The LEI system emerged after the financial crisis of 2008 when the financial markets crashed after the collapse of Lehman Brothers, the world's fourth-largest investment bank. To ensure that this would not happen again, the G20 countries sent a request to the Financial Stability Board (FSA) for a system that would increase the transparency and stability of the financial markets. Today, the LEI system plays a major role in risk management and the management of fraud in the financial markets through a transparent, global system that can verify all financial transactions.
What is an LEI Code?
Companies that trade in securities must have an LEI Code. An LEI code is a unique alphanumeric code consisting of 20 characters. The numbers 1-4 tell which Local Operating Unit (LOU) issued the code. Characters 3-4 are reserved for future functionality as the system is still in development. Characters 7-18 consist of digits and letters that identify the individual legal entity and are unique to each individual company. The last two characters (19-20) are used for verification.
With the help of a Legal Entity Identifier, aka an LEI code in everyday speech, it is possible to identify financial transactions in a significantly safer, easier, and less expensive way. Before the comprehensive global LEI system was created, plenty of man-hours and manual work was required to be able to identify a trade. This validation and identification took place through information from often unreliable sources. The LEI system replaced this process and constituted an important foundation for the security of the financial markets and the reliability of consumers operating in the financial markets.

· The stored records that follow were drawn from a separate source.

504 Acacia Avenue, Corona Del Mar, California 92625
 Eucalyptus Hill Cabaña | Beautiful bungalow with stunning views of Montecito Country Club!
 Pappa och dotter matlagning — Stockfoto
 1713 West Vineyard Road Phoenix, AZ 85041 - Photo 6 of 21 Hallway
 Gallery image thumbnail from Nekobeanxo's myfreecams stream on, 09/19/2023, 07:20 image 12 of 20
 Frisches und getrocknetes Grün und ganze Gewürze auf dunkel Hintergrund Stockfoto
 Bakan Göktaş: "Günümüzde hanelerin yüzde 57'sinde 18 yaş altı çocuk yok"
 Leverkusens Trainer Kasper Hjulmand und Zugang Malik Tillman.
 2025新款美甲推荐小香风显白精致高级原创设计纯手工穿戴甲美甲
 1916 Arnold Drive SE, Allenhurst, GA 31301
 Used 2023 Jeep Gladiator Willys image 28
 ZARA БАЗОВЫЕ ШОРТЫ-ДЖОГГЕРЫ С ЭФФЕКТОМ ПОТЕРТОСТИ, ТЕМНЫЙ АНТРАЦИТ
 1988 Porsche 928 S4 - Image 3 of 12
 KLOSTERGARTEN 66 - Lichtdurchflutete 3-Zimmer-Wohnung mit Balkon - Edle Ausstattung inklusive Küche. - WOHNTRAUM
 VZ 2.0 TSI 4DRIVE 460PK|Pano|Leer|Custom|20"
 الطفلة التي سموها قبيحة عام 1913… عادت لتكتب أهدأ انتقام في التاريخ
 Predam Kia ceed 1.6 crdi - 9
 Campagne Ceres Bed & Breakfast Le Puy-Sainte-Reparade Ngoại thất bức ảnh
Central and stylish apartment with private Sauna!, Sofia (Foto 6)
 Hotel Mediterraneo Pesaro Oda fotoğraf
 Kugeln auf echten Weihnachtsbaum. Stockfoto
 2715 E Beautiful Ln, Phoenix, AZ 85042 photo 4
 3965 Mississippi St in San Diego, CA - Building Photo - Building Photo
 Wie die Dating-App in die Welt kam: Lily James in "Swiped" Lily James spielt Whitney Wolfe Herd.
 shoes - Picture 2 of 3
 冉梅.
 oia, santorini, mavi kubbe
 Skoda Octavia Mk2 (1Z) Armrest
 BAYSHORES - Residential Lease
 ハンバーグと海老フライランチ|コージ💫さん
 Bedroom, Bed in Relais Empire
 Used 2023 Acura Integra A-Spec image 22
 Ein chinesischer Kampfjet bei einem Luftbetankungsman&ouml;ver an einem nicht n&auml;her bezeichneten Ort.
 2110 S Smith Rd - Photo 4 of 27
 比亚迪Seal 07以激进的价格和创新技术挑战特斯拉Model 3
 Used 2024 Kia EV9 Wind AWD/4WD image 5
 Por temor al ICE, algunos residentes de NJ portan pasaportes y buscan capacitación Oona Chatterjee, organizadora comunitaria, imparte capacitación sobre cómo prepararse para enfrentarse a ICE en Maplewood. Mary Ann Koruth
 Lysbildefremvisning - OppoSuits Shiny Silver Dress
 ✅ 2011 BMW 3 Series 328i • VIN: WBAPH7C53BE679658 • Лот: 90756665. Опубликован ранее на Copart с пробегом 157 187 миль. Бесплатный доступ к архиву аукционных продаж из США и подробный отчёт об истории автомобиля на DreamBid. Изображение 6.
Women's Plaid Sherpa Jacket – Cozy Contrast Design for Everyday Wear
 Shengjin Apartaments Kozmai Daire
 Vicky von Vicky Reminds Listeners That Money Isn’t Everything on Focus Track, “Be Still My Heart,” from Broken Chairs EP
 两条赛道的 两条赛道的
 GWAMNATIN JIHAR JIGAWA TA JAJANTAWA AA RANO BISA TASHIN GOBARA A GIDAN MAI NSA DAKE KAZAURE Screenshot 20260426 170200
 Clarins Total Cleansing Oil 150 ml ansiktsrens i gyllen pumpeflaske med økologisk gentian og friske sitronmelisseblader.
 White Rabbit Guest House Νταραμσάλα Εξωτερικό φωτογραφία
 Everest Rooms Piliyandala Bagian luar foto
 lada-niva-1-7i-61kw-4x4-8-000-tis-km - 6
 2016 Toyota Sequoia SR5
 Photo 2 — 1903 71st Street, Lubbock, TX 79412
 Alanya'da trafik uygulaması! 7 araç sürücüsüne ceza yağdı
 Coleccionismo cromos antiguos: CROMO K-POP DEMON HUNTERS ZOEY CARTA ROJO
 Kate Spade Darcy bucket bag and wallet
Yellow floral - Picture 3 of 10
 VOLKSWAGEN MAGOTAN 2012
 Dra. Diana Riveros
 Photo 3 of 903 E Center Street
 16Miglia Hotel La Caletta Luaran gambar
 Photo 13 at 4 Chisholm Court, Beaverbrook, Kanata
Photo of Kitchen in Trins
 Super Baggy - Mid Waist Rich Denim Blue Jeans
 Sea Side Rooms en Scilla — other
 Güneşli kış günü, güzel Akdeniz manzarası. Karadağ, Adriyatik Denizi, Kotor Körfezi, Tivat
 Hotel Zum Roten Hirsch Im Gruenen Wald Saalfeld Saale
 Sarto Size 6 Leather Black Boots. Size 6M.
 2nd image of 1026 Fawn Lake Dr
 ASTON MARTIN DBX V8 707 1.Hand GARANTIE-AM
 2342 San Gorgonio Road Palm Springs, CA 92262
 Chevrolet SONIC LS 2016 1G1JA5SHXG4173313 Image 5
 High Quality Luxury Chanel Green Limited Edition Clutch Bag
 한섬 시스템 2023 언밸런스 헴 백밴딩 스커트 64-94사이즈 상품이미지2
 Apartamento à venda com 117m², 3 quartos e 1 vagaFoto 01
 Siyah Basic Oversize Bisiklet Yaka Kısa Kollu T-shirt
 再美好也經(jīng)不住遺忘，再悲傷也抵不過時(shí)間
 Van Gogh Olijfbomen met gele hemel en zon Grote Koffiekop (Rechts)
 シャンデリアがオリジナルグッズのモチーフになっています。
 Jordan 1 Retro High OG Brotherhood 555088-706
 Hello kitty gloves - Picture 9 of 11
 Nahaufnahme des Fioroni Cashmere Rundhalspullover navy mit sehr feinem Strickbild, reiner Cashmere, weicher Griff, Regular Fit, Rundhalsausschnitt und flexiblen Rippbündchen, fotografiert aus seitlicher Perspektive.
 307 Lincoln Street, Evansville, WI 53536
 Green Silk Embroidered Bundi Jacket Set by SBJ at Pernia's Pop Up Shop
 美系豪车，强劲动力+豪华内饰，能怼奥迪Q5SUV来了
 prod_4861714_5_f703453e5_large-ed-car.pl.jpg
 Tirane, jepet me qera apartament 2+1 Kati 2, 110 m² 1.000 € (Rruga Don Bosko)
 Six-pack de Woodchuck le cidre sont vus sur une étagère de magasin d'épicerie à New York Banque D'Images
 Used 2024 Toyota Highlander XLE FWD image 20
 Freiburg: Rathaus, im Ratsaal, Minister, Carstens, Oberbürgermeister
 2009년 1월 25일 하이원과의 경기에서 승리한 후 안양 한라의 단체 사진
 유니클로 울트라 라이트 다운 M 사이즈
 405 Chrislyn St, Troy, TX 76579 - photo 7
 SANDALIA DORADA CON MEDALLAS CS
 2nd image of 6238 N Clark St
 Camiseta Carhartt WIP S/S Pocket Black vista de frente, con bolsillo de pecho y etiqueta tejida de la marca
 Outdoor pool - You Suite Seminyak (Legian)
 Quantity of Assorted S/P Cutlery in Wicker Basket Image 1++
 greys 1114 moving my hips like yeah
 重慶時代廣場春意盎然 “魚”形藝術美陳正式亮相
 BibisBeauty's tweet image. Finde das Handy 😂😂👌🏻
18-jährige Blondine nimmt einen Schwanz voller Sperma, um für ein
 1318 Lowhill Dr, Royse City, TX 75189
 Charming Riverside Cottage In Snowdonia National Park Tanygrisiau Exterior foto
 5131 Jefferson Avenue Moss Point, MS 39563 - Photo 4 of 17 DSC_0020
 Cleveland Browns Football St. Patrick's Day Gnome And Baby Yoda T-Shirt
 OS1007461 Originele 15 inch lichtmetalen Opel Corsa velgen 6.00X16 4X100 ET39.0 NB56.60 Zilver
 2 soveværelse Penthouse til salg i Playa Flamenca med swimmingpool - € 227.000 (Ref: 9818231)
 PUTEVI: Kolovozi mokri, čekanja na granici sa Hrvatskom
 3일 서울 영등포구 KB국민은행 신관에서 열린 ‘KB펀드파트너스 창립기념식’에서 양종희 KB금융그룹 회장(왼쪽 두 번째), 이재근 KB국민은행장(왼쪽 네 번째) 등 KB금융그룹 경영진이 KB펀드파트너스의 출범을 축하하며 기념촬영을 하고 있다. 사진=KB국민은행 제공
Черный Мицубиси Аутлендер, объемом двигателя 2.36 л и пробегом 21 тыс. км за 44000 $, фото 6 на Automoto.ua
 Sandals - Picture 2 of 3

In the global LEI database at GLEIF, you can search for all legal entities that have an LEI code. Here you will find the following information about the company:
- Name of company
- Organization number
- Legal address
- Country of registration
- Legal form
- Parent company
- Status of the LEI
All LEI codes must be renewed once a year to ensure that the company data is up-to-date and correct. In this way, there is an up-to-date database for all legal entities worldwide that trade in securities. This increases transparency in the markets and makes it possible to reduce fraud by being able to identify both national and international financial transactions.
Why create a global LEI system?
For several decades, there has been a need for a system to identify transactions on the financial markets across national borders. However, this has been difficult to create. In the wake of the world economic crisis in 2008, the G20 countries sent a request to the Financial Stability Board (FSB) for a system that could help restore trust between consumers and the financial markets. In 2012, the RFS responded to the G20 countries' request with a report containing principles and developments for a global LEI system. This was approved by the G20 countries at the summit in June 2012.
The report described how the system can improve risk management in companies through better assessment of micro- and macro-risks, reduce market abuse and reduce financial fraud, while at the same time contributing to a higher quality of financial data across countries.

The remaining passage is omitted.